- **What needs to be done**:
From the data below, repeat exactly the lines from the line with "VolksWagen up! Xtreme" to the line with "Opel Vivaro L1H1 Tour - 16", both included.

===== Data

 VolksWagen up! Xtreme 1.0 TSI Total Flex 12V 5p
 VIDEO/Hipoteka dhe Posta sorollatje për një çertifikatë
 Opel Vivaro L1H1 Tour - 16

==========
===== Data

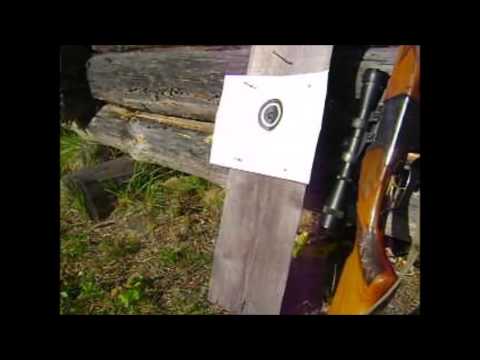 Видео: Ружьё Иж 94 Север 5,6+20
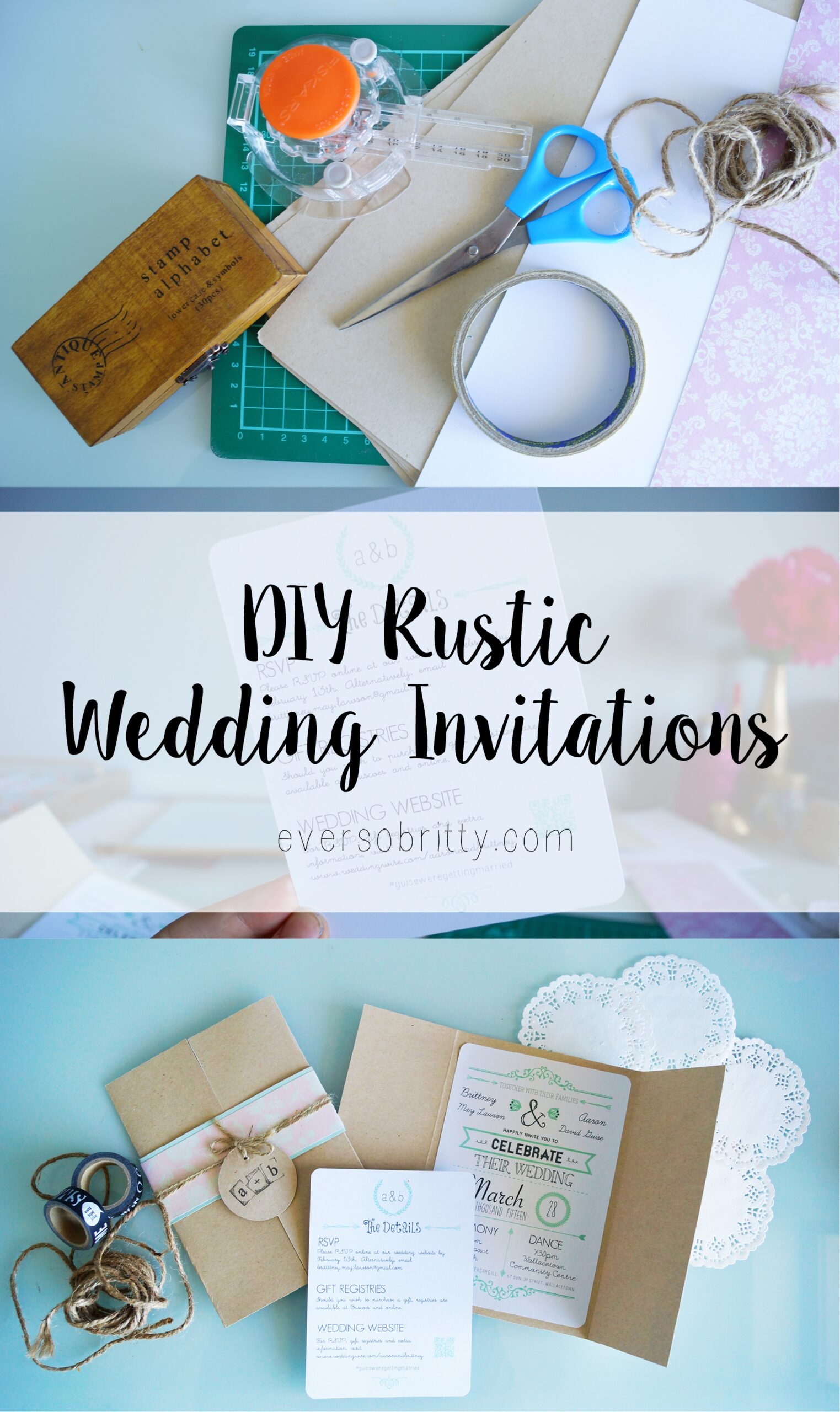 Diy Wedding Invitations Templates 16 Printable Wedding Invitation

==========

- **Answer below**:
 VolksWagen up! Xtreme 1.0 TSI Total Flex 12V 5p
 VIDEO/Hipoteka dhe Posta sorollatje për një çertifikatë
 Opel Vivaro L1H1 Tour - 16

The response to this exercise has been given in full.